Abstract

Electronic mails (emails) have been widely adapted by organizations and individuals as efficient communication means. Despite the pervasiveness of alternate means like social networks, mobile SMS, electronic messages, etc. email users are continuously growing. The higher user growth attracts more spammers who send unsolicited emails to anonymous users. These spam emails may contain malware, misleading information, phishing links, etc. that can imperil the privacy of benign users. The paper proposes a self-adaptive hybrid algorithm of big bang–big crunch (BB–BC) with ant colony optimization (ACO) for email spam detection. The BB–BC algorithm is based on the physics-inspired evolution theory of the universe, and the collective interaction behavior of ants is the inspiration for the ACO algorithm. Here, the ant miner plus (AMP) variant of the ACO algorithm is adapted, a data mining variant efficient for the classification. The proposed hybrid algorithm (HB3C-AMP) adapts the attributes of B3C (BB–BC) for local exploitation and AMP for global exploration. It evaluates the center of mass along with the consideration of pheromone value evaluated by the best ants to detect email spam efficiently. The experiments for the proposed HB3C-AMP algorithm are conducted with the Ling Spam and CSDMC2010 datasets.

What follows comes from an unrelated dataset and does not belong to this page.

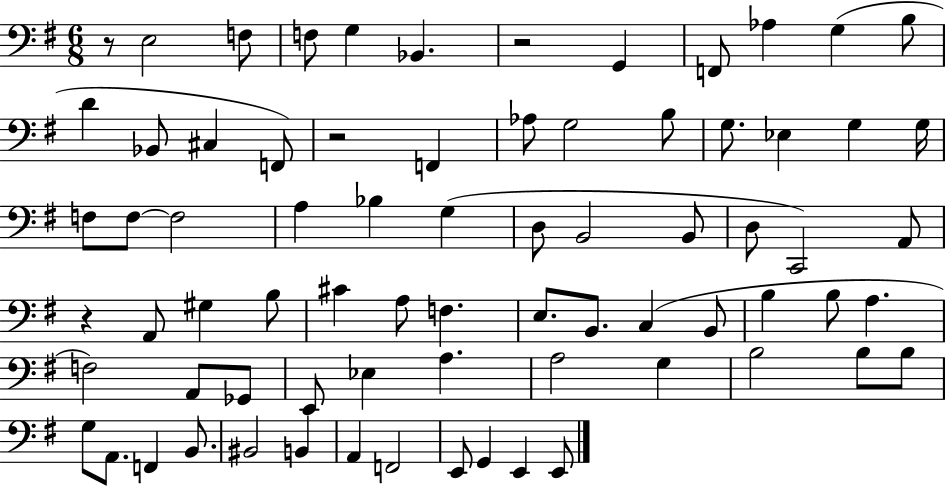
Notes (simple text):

Different experiments are conducted to determine the significance of the pre-processing modules, iterations, and population size on the proposed algorithm. The results are also evaluated for the AM (ant miner), AM2 (ant miner2), AM3 (ant miner3), and AMP algorithms. The performance comparison demonstrates that the proposed HB3C-AMP algorithm is superior to the other techniques.